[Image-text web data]
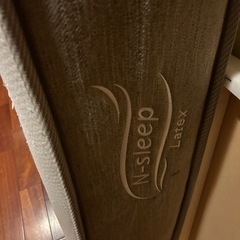 【受付終了しました】ニトリセミダブルベッドの画像
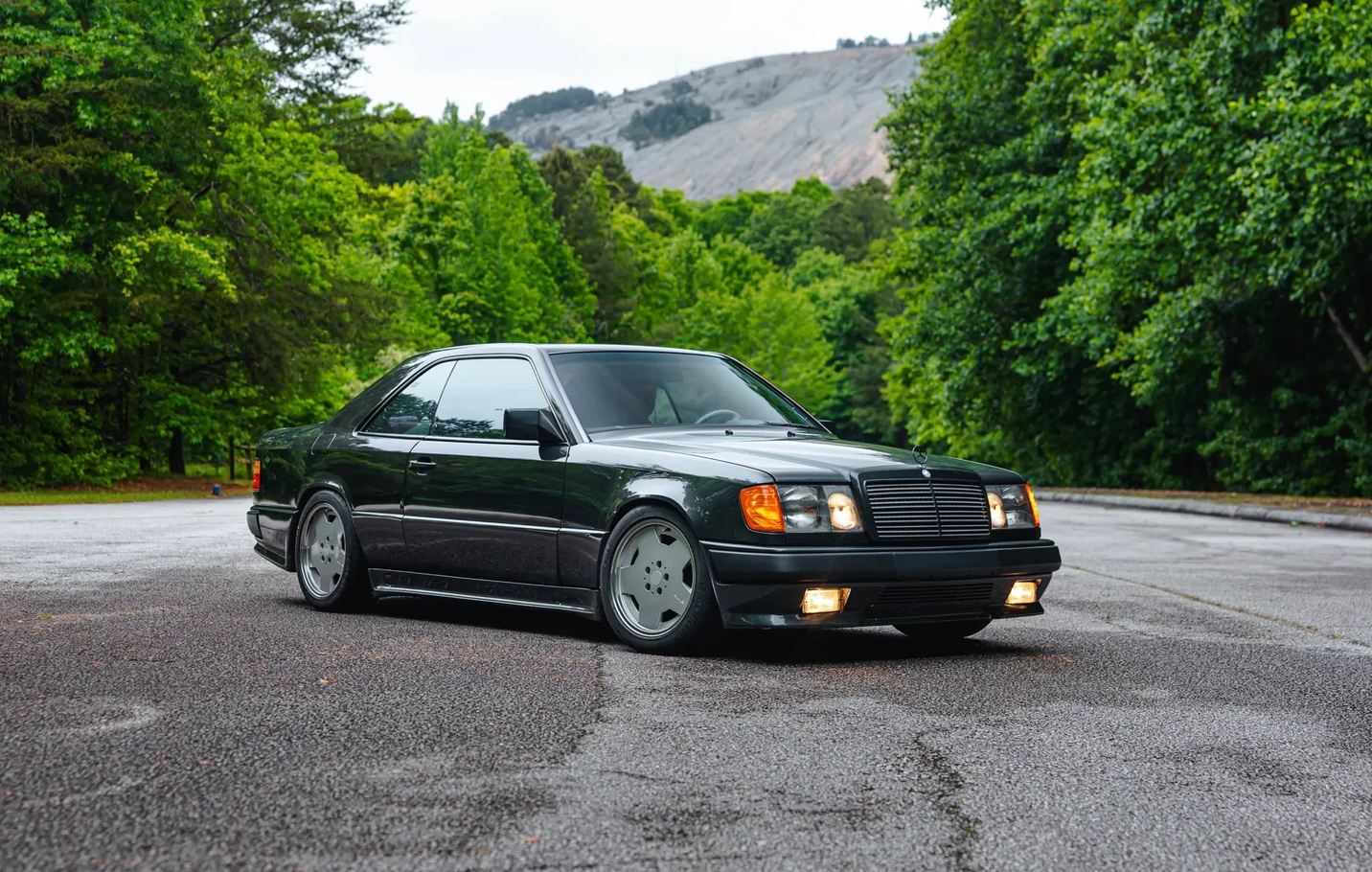 Їх випустили всього три: найдорожчий Mercedes W124 оцінили в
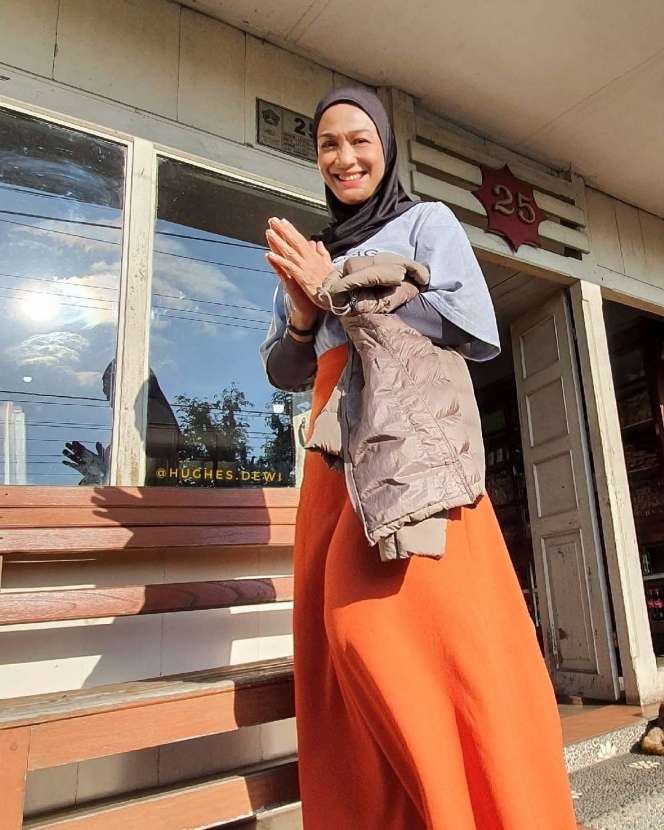Presenter Senior Ini Pernah Alami KDRT Hingga Keguguran, Kini Penampilannya Berubah Drastis Usai Diet, Berhasil Turun 40 Kilogram!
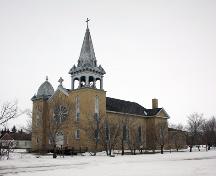 Vue des façades principales - du sud-est de l'église catholique romaine du Sacré Coeur de Jésus, Fannystelle, 2005; Historic Resources Branch, Manitoba Culture, Heritage, Tourism and Sport, 2005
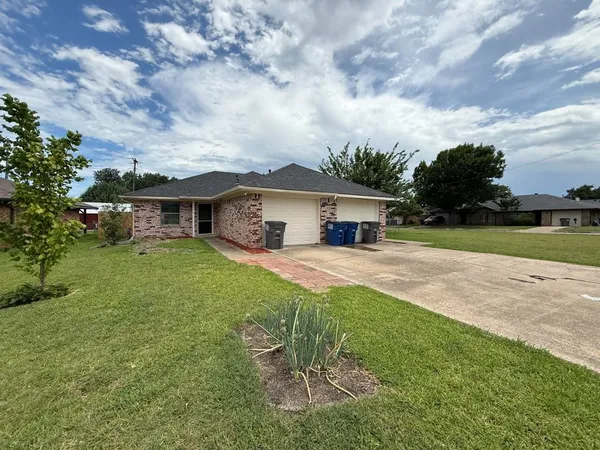 $1,450 | 5413 Brookhollow Drive, Sachse, TX 75048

■ PROBLEM STATEMENT ■
Each line from the beginning of the entries up to and including the one containing "Presenter Senior Ini" must be restated exactly. Pictures are to be left out.

■ YOUR SOLUTION ■
 【受付終了しました】ニトリセミダブルベッドの画像
 Їх випустили всього три: найдорожчий Mercedes W124 оцінили в
Presenter Senior Ini Pernah Alami KDRT Hingga Keguguran, Kini Penampilannya Berubah Drastis Usai Diet, Berhasil Turun 40 Kilogram!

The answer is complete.